MAKING A CITIZEN’S ARREST – IS IT EVER A GOOD IDEA?
By Yavin Kumar @ Sydney Criminal Defence Lawyers
It is quite likely that many members of the community have been in a situation in which they have witnessed someone break the law by committing a crime. In certain situations, it may feel best to perform what is known as a citizen’s arrest, but are you allowed to take matters into your own hands in this way? Is it really a wise idea to attempt a citizen’s arrest, or is the power to arrest an individual something that is better left with law enforcement officers?
The law surrounding the area of citizen’s arrests in Australia raises some significant and interesting questions of law with respect to the deprivation of liberty for alleged offenders, and the Good Samaritan rights of all members of the community.
All states in Australia have some legal grounding which warrants the action of making a citizen’s arrest.

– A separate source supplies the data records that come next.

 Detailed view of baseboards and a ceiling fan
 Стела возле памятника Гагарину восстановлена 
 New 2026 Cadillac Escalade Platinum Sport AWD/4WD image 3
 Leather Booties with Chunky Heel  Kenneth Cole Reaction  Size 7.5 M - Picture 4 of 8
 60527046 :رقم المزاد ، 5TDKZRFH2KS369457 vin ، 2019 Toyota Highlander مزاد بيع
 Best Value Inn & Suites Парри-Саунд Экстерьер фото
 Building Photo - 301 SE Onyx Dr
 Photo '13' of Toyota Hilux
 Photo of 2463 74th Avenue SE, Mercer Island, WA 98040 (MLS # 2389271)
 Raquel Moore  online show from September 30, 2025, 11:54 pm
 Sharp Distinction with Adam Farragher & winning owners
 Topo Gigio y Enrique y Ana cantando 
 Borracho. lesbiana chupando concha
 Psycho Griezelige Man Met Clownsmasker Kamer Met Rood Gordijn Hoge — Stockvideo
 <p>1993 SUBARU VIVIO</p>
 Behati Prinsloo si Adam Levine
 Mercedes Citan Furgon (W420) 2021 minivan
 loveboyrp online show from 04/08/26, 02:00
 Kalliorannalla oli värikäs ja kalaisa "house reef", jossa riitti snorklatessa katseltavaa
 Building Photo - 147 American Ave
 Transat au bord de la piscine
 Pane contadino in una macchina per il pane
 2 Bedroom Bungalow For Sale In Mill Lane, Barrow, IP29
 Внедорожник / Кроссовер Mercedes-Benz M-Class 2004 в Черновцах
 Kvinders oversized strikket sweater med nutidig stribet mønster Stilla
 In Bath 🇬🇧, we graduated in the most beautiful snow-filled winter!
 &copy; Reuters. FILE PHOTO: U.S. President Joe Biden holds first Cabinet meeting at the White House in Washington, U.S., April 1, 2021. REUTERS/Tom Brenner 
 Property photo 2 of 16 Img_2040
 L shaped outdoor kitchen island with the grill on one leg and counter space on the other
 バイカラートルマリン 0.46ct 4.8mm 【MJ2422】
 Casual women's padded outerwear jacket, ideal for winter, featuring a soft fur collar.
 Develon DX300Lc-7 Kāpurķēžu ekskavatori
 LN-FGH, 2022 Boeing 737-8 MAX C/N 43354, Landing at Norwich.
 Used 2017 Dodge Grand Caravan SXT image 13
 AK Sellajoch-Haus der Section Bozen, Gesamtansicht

In New South Wales, under section 100 of the Law Enforcement (Powers and Responsibilities) Act 2002, a person who is not a police officer can arrest another person without a warrant if:
- The person is in the act of committing an offence; or
- The person has just committed an offence; or
- The person has committed a serious indictable offence for which they have not been tried.
Once a person has made a citizen’s arrest, they must, as soon as reasonably practicable, take the person and any property found on that person to an ‘authorised officer’, such as an officer of the Police Force.
There are many limitations and possible liabilities that exist with respect to making a citizen’s arrest. Therefore, if a person is considering making a citizen’s arrest, it is absolutely essential that the arrest can be made without posing a danger to your own safety or the safety of others, and that there are legitimate grounds behind making the arrest in the first place. Severe legal consequences can arise for failing to take such precautions.
What are the limitations to making a citizen’s arrest?
As previously stated, in order for a person to make a valid citizen’s arrest, they need to have actually witnessed another person committing a crime – mere suspicion that a person has done something against the law is not enough to warrant a valid citizen’s arrest. Officers of the Police Force have special powers which allow them to arrest people if they have a ‘reasonable suspicion’ that an individual has committed an offence, but this power does not extend to the general rights of members of the public.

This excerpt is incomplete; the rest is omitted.